Cependant, dès le milieu d’avril, la plus grande partie des forces ennemies se trouvait en Thuringe ; il fallait donc abandonner et dégarnir le cours et les passages de l’Elbe supérieur et se contenter d’occuper, entre deux places ennemies, le pont de Roslau. C’étaient là de très mauvaises conditions. On aurait pu, néanmoins, s’exposer aux inconvénients de cette situation, s’il avait été permis d’espérer un succès décisif sur le vice-roi. Mais le vice-roi qui, d’après ce que l’on savait, était toujours prêt à abandonner la Saale dès qu’il se verrait pressé par des forces supérieures, et à se retirer en Thuringe, se serait dérobé, de sorte que toute l’opération aurait eu pour résultat de changer par nos marches la répartition des forces sur le théâtre de la guerre. De cette façon, l’armée de Wittgenstein-Blücher se serait trouvée adossée à l’Elbe-moyen, tandis que la route directe du haut Elbe eût été ouverte à l’ennemi.
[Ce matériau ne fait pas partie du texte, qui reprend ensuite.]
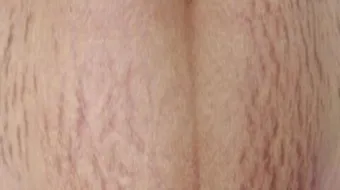 كيف أعالج كلف الحمل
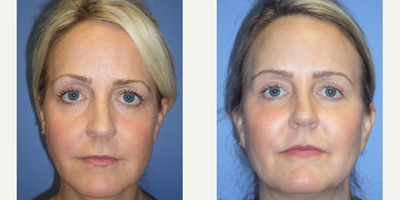 Eyelid Surgery before and after photo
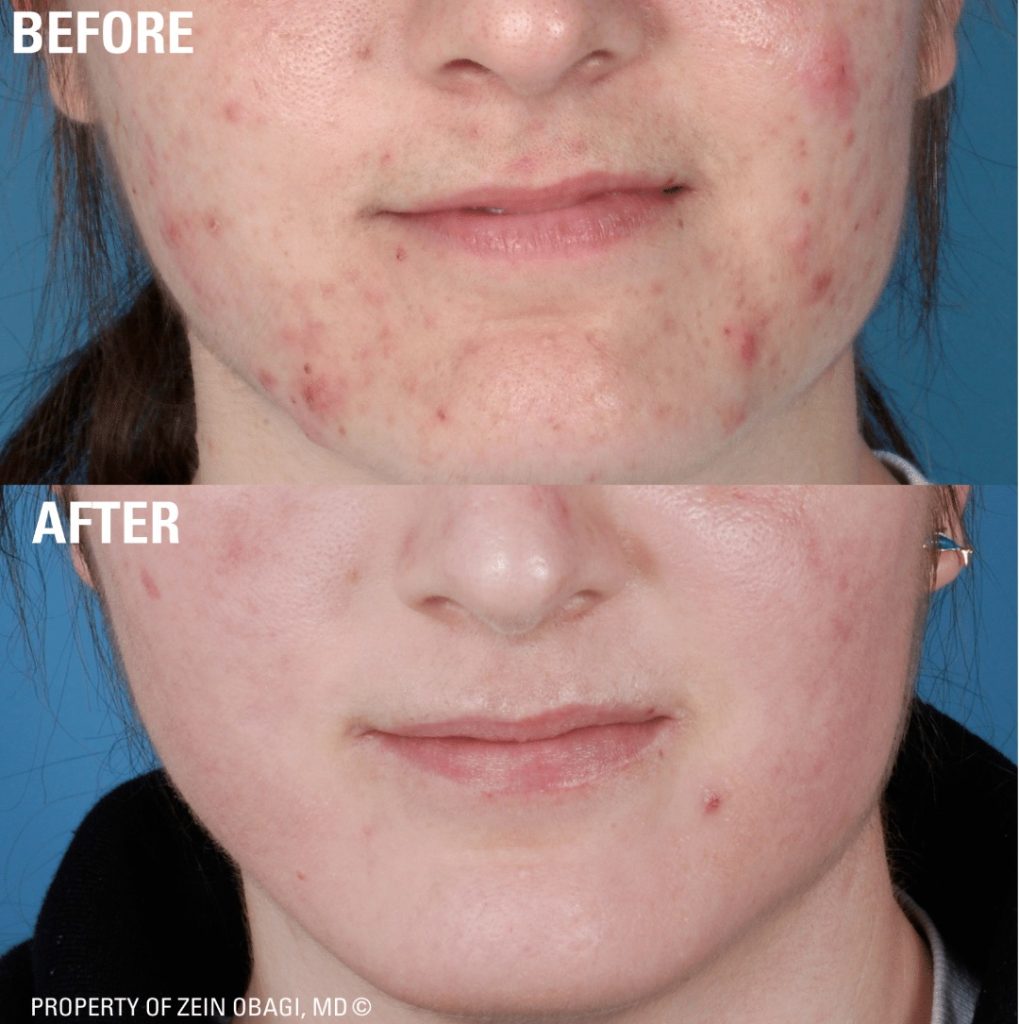Acne prescription treatment before and after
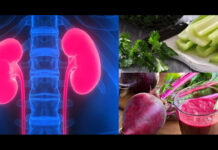 CUM PREVENIM APARIȚIA PIETRELOR LA RINICHI?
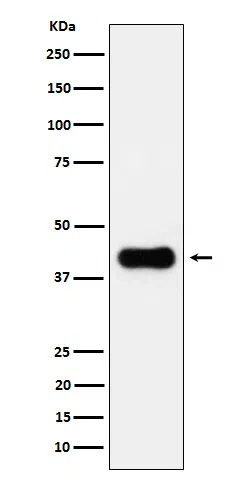 ACAA2 Rabbit Monoclonal Antibody - Size: 100µl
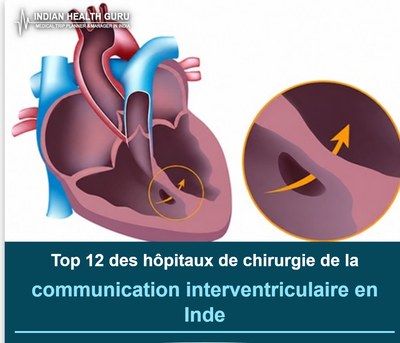 Top 12 des hôpitaux de chirurgie de la communication interventriculaire en Inde (Guide 2026-2027)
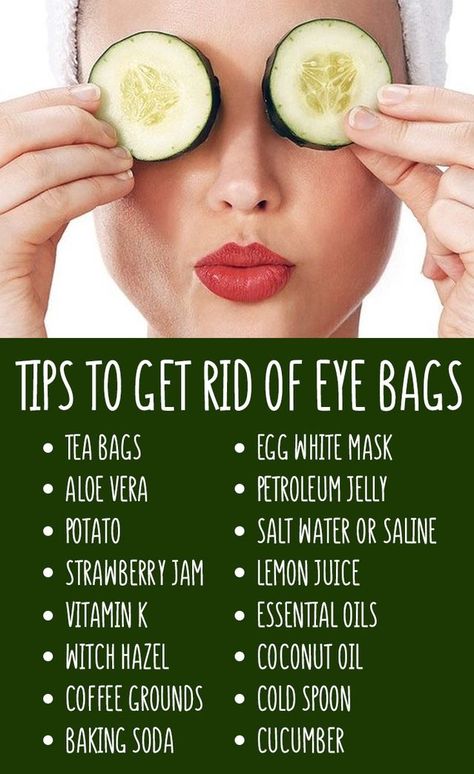 Skin Care Remedies, Get Rid Of Eye Bags, Rid Of Eye Bags, Remove Eye Bags, Eye Skin Care, Dark Circles Under Eyes, Under Eye Bags, Beauty Remedies, Skin Care Recipes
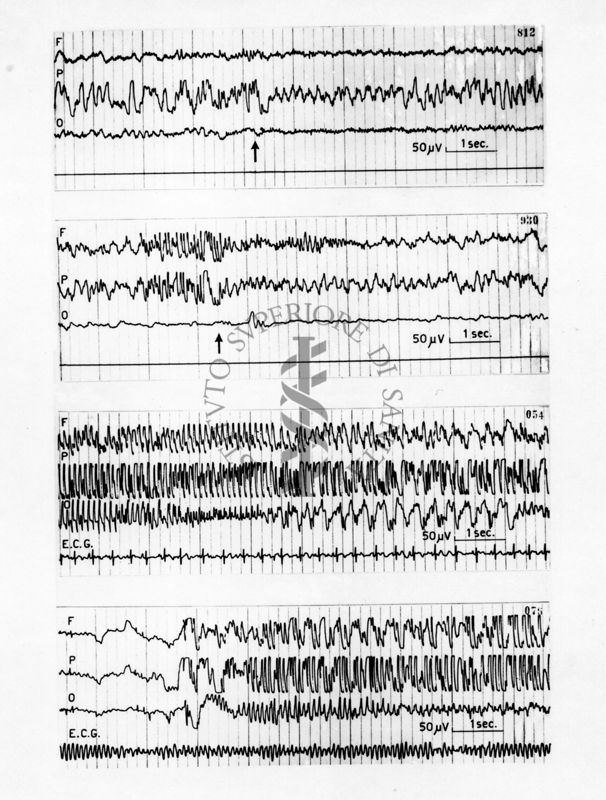 Fotomontaggio delle quattro tavole riguardanti l'Elettroencefalografici di prove farmacologiche sulla idrazide dell'acido isonitinico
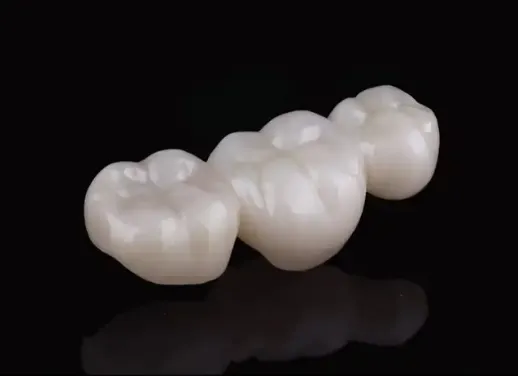 Zirconia All-Ceramic Crowns And Bridges Have No Irritation Or Allergic Reaction To The Gums photo-4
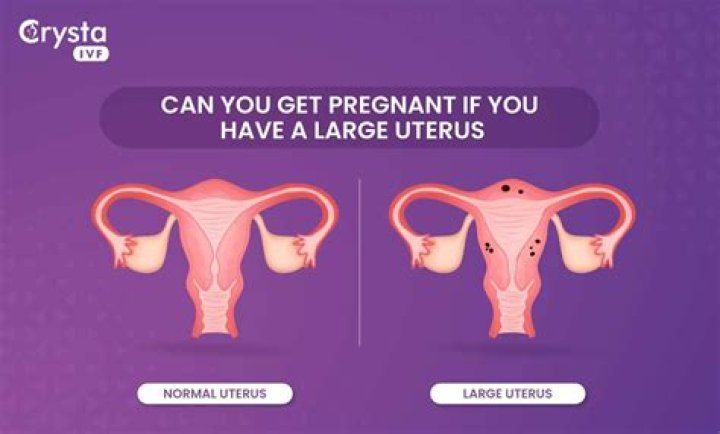 Does enlarged uterus cause big belly?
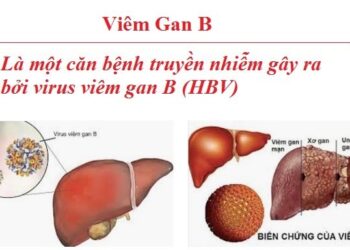Phòng bệnh viêm gan do vi rút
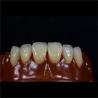 Buy cheap Tooth Multi Layered Zirconia Crown for Restorative Dentistry from wholesalers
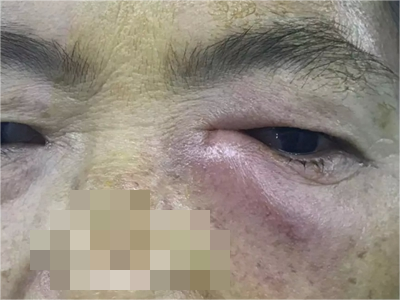 泪囊肿瘤下眼睑起了一个包发红图.png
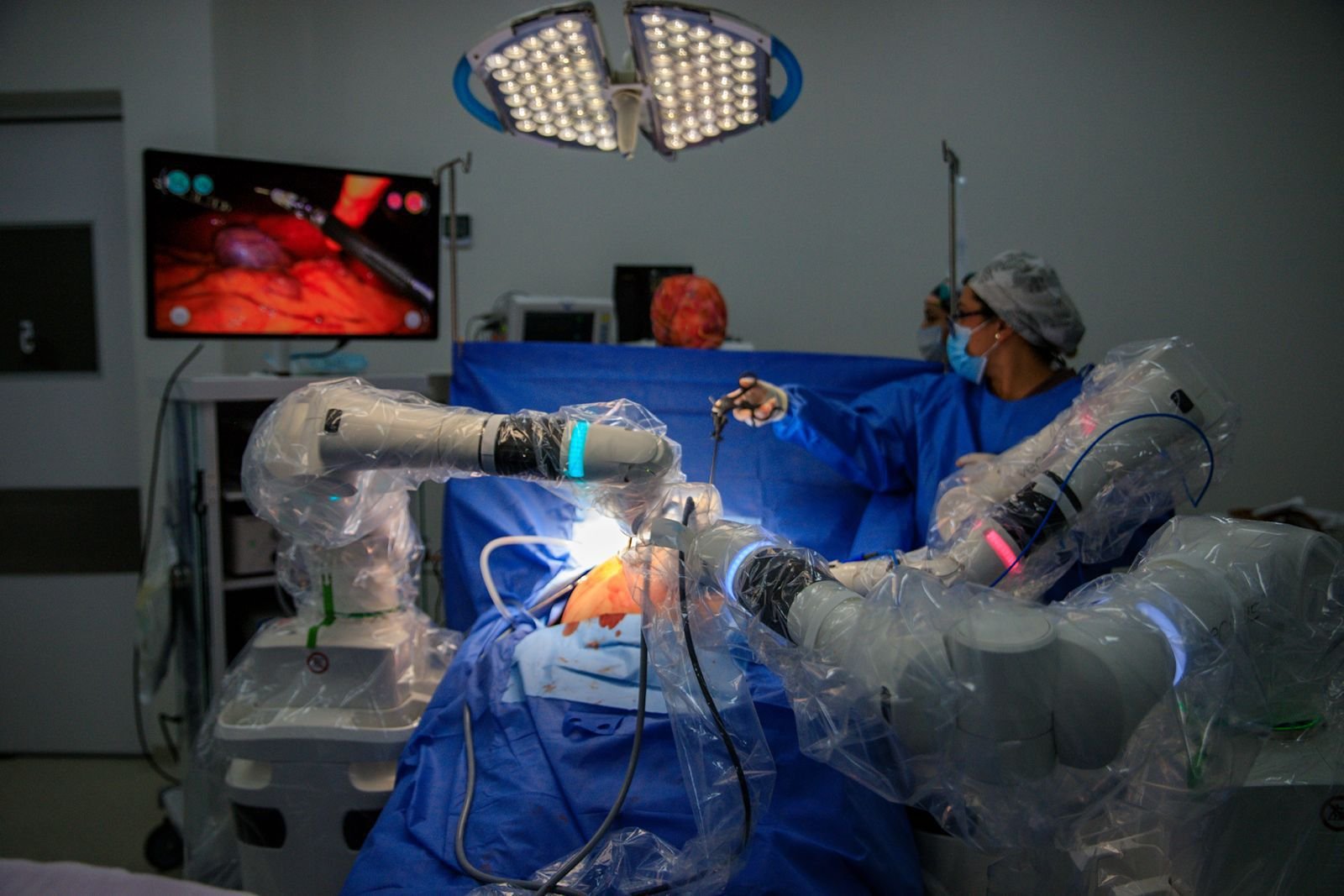 Medical team performing robotic surgery with the VERSIUS system at Hospital General de Cancún in Quintana Roo, Mexico.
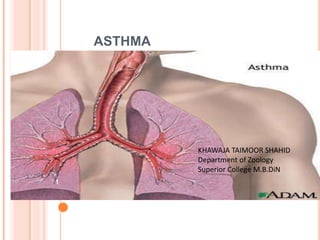 ASTHMA
1
KHAWAJA TAIMOOR SHAHID
Department of Zoology
Superior College M.B.DiN
 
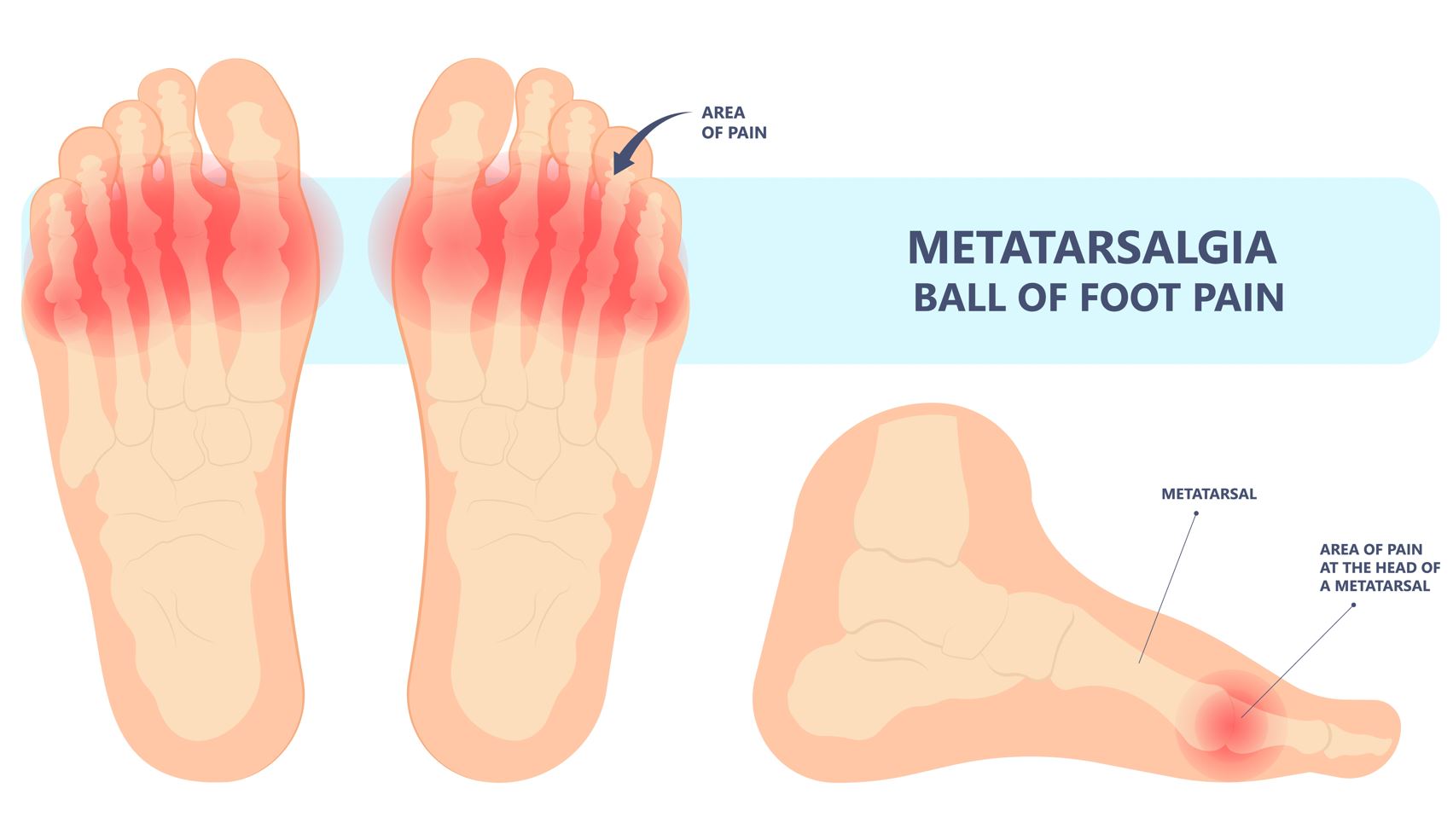 What is metatarsalgia? Why is my ball of the foot painful? Straits Podiatry Singapore.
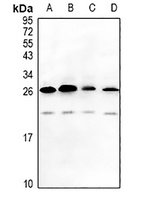 MAGEA5 Rabbit Polyclonal Antibody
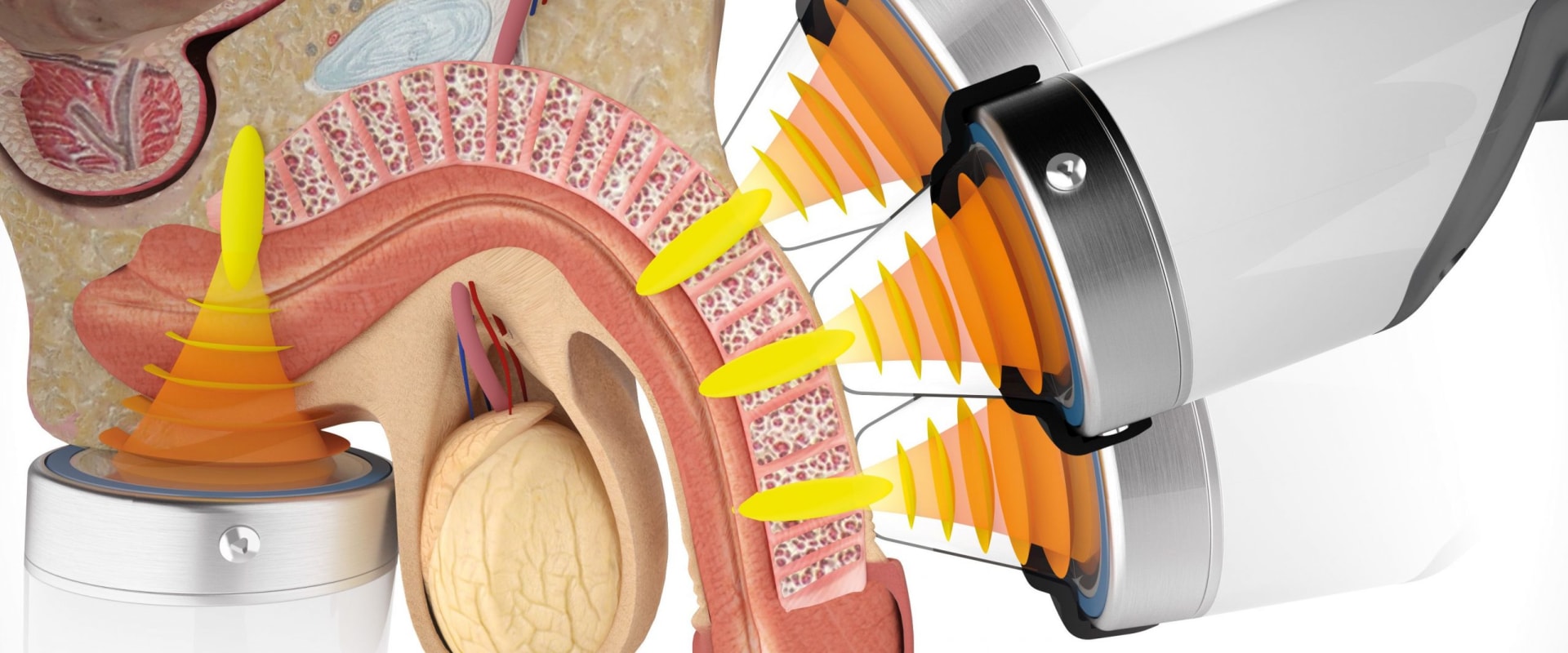 what-is-the-success-rate-of-shockwave-therapy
On perdait évidemment au change. Nos communications les plus courtes avec nos centres de ressources auraient été partout abandonnées ; nous aurions permis à l’ennemi de se placer entre nous et la principale armée russe ; enfin, nous aurions eu sur nos derrières deux places fortes ennemies : Magdeburg et Wittemberg.
C’eût donc été folie de commencer les opérations pour une simple inquiétude et par pure vanité, et d’aller ainsi de soi-même se mettre dans une situation plus défavorable que celle où l’on se trouvait.
Tout bien réfléchi, on acquit la conviction qu’il ne fallait plus songer à de nouvelles opérations offensives avant l’arrivée de la principale armée russe sur la, ligne de l’Elbe dont elle pourrait, dans tous les cas, assurer la protection, avant l’achèvement des têtes de pont commencées le long du fleuve.
La principale armée russe atteignit l’Elbe le 26 avril, et la bataille de Gross-Görschen fut livrée le 2 mai. Dès l’arrivée de cette armée, les opérations de celle du haut Elbe (Blücher et Winzingerode) furent plus restreintes. Cette armée passa sous les ordres du commandant en chef de l’ensemble des forces, et les décisions de ses généraux ne purent plus, comme auparavant, donner à la masse telle ou telle tournure.
En traçant ce tableau, j’ai voulu convaincre mes frères d’armes de Prusse que jamais, à aucun moment, personne dans notre armée ne s’est rendu coupable de l’oubli de notre mission et que, si nos généraux ont laissé échapper une belle occasion d’agir avec toutes nos forces nationales contre un adversaire non préparé, il ne faut leur reprocher ni indécision ni inertie.
On croyait alors assez généralement qu’une semblable occasion s’était déjà offerte au printemps ; mais cette opinion n’a jamais été clairement formulée et elle repose, d’ailleurs, sur ne fausse base.
La puissance que les Russes avaient péniblement acquise, grâce aux victoires remportées sur la Moskova, arrivait épuisée sur l’Elbe.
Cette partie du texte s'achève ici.